Private companies should never respond to an intrusion by hacking back against a foreign actor; response options must remain the province of the state so as to maintain stability within the international system. In North Korea’s hack of Sony Pictures Entertainment, for example, the US government determined that a response was required and placed additional economic sanctions on the North Korean regime. Similarly the US government opted to indict seven Iranian hackers following recently disclosed intrusions and distributed denial of service attacks on US companies. Governments must work with the private sector to communicate about intrusions and determine appropriate response options to blunt ongoing attacks and prevent future incidents.

Fourth and finally, organizations need to build resilience to cyberattacks. This means planning not only for adversaries breaching the moat of firewalls and intrusion detection systems, but also getting into the castle and stealing the crown jewels. Companies should identify the potential impacts of major operational disruptions on their infrastructure, such as the loss or disruption of banking data, and invest in measures to continue operations if the event of an incident. Business continuity plans should be more than just paper documents. The organization should invest in technical measures for backing up data and operational exercises to continue operations without assured data access.

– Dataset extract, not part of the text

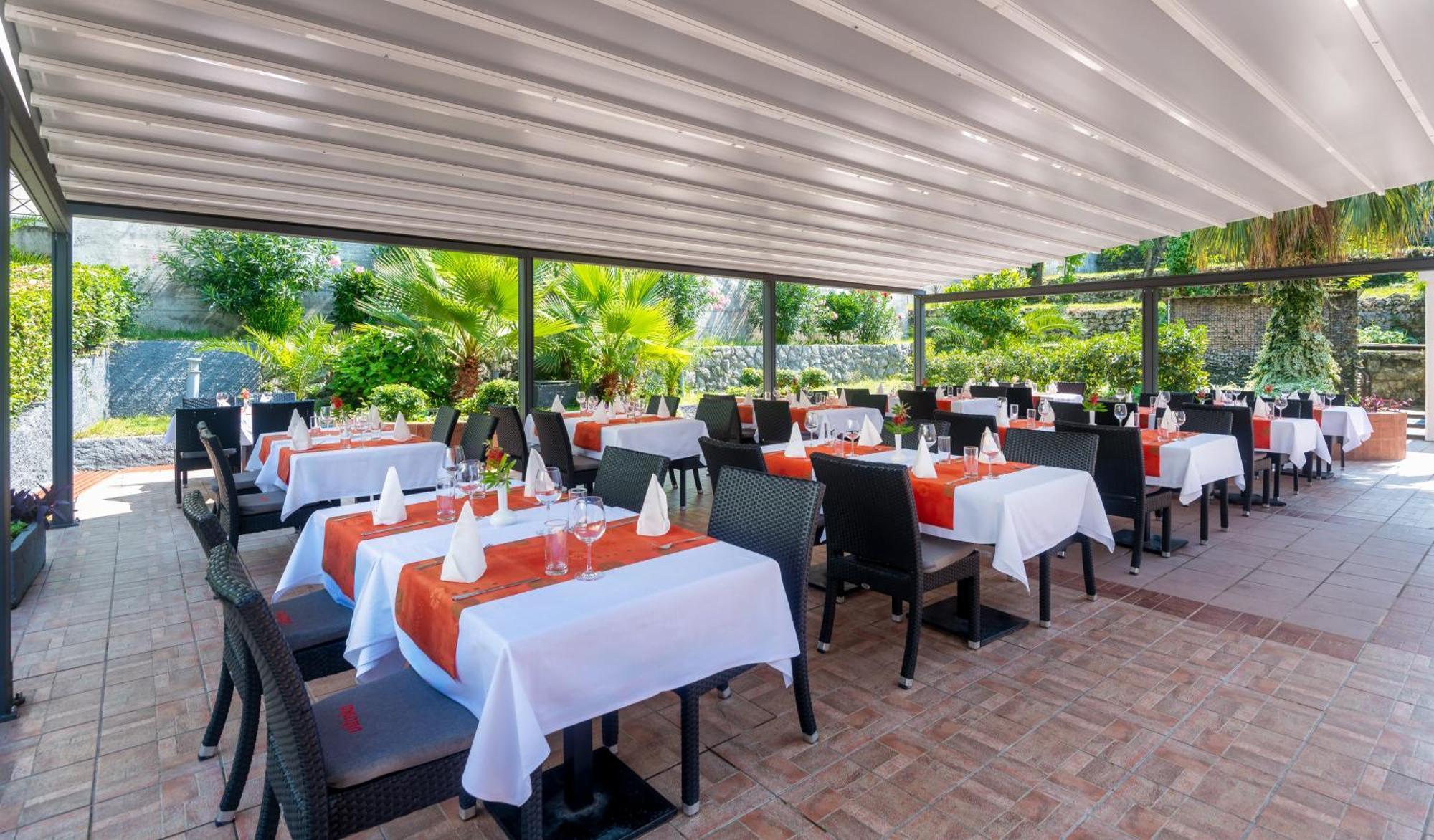 Hunguest Hotel Sun Resort Herceg Novi Exterior photo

The recent announcement of a framework agreement for cybersecurity cooperation between the US and India includes a focus on the resilience of critical infrastructure. The US has developed resiliency assessments for firms to determine their level of resiliency preparedness. In India, many businesses already have generators—which reportedly allowed the Delhi Airport to come online quickly after the power outage of 2012. The two nations should work together to share lessons learned from their diverse experiences in dealing with disruptions.

While we cannot anticipate every high-consequence risk, we know that we are vulnerable in cyberspace. States don’t need massive armies to strike each other. A hacker can turn 1s and 0s into malicious software that can affect our data. Today, we are unprepared for what that may mean. Every organization must play a part in preparing for a potential attack by securing the assets that matter most.

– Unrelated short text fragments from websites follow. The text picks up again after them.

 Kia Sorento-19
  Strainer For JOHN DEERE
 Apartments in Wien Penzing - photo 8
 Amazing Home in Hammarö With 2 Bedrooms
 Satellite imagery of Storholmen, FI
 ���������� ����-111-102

The good news is that while our technology may be disrupted, our social bonds cannot easily be hacked. An adversary’s greatest goal is to disrupt a country’s source of strength, to include the governmental and economic systems that give the state its political legitimacy. Our ability to work together—to support each other across sectors and agencies, to think through problems and implement solutions, to communicate and manage risk—remains our greatest asset against any adversary’s plans. When and how an attack may happen is outside our control. Yet, through good leadership and practical steps, we can begin to get our countries and companies ready today.

Jonathan Reiber is a senior fellow at the University of California at Berkeley’s Center for Long-Term Cybersecurity.